High-Density Memory Store
Hazelcast IMDG Enterprise HD
By default, data structures in Hazelcast store data on heap in serialized form for highest data compaction; yet, these data structures are still subject to Java Garbage Collection (GC). Modern hardware has much more available memory. If you want to make use of that hardware and scale up by specifying higher heap sizes, GC becomes an increasing problem: the application faces long GC pauses that make the application unresponsive. Also, you may get out of memory errors if you fill your whole heap. Garbage collection, which is the automatic process that manages the application’s runtime memory, often forces you into configurations where multiple JVMs with small heaps (sizes of 2-4GB per member) run on a single physical hardware device to avoid garbage collection pauses. This results in oversized clusters to hold the data and leads to performance level requirements.
In Hazelcast IMDG Enterprise HD, the High-Density Memory Store is Hazelcast’s new enterprise in-memory storage solution. It solves garbage collection limitations so that applications can exploit hardware memory more efficiently without the need of oversized clusters. High-Density Memory Store is designed as a pluggable memory manager which enables multiple memory stores for different data structures. These memory stores are all accessible by a common access layer that scales up to massive amounts of the main memory on a single JVM by minimizing the GC pressure. High-Density Memory Store enables predictable application scaling and boosts performance and latency while minimizing garbage collection pauses.
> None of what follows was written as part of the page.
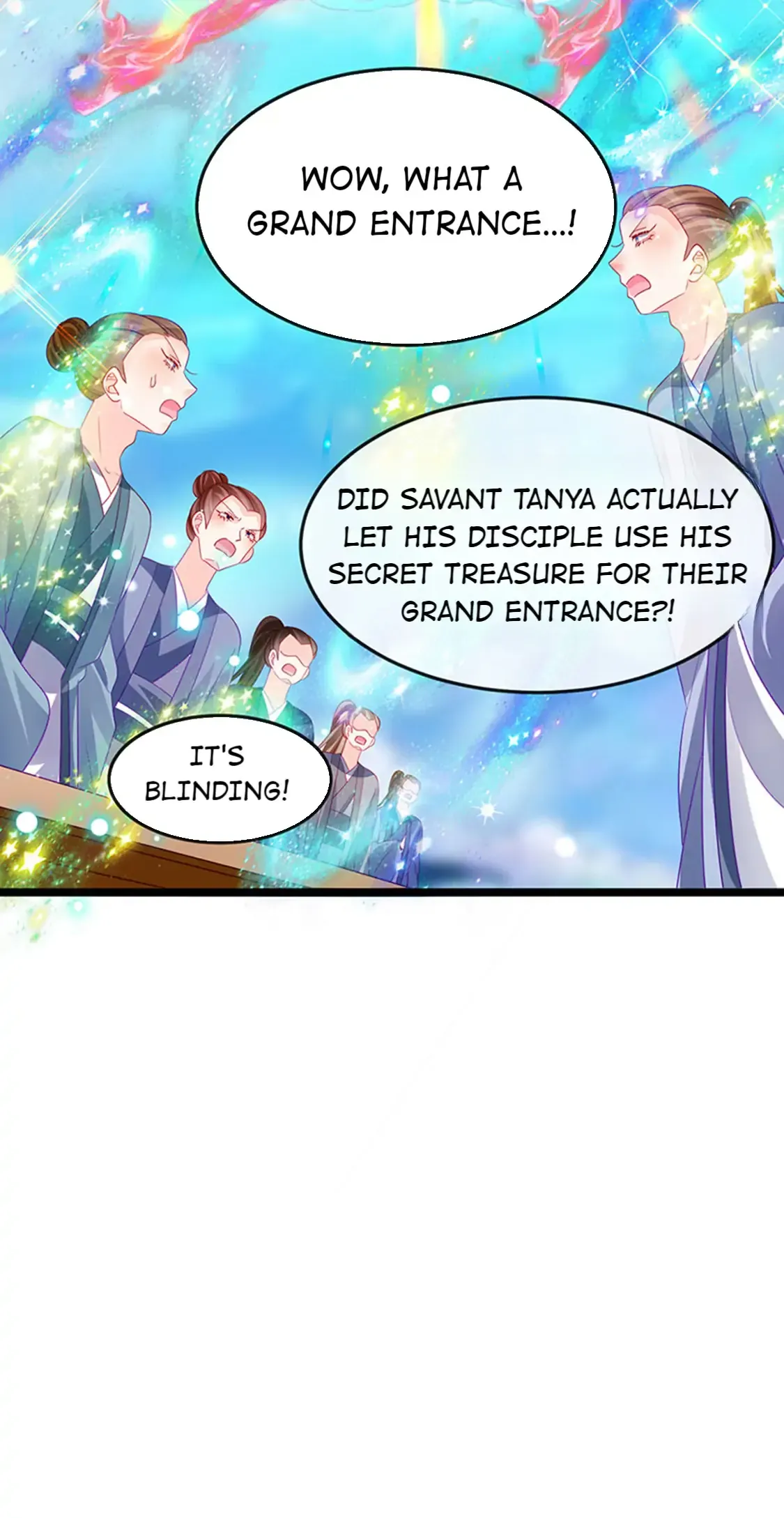 Military Phoenix Chapter 153 Online - página 43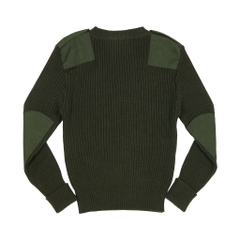 90s U.S. Army Cold Weather Combat Sweater Size L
This foundation includes, but is not limited to, storing keys and values next to the heap in a native memory region.
High-Density Memory Store is currently provided for the following Hazelcast features and implementations:
To use the High-Density memory storage, the native memory usage must be enabled using the programmatic or declarative configuration. Also, you can configure its size, memory allocator type, minimum block size, page size and metadata space percentage.
The following are the configuration element descriptions:
size: Size of the total native memory to allocate in megabytes. Its default value is 512 MB.
allocator type: Type of the memory allocator. Available values are as follows:
STANDARD: This option is used internally by Hazelcast’s POOLED allocator type or for debugging/testing purposes.
With this option, the memory is allocated or deallocated using your operating system’s default memory manager.
It uses GNU C Library’s standard
free()methods which are subject to contention on multithreaded/multicore systems.
Memory operations may become slower when you perform a lot of small allocations and deallocations.
It may cause large memory fragmentations, unless you use a method in the background that emphasizes fragmentation avoidance, such as
jemalloc(). Note that a large memory fragmentation can trigger the Linux Out of Memory Killer if there is no swap space enabled in your system. Even if the swap space is enabled, the killer can be again triggered if there is not enough swap space left.
If you still want to use the operating system’s default memory management, you can set the allocator type to STANDARD in your native memory configuration.
POOLED: This is the default option, Hazelcast’s own pooling memory allocator.
With this option, memory blocks are managed using internal memory pools.
It allocates memory blocks, each of which has a 4MB page size by default, and splits them into chunks or merges them to create larger chunks when required. Sizing of these chunks follows the buddy memory allocation algorithm, i.e., power-of-two sizing.
It never frees memory blocks back to the operating system. It marks disposed memory blocks as available to be used later, meaning that these blocks are reusable.
Memory allocation and deallocation operations (except the ones requiring larger sizes than the page size) do not interact with the operating system mostly.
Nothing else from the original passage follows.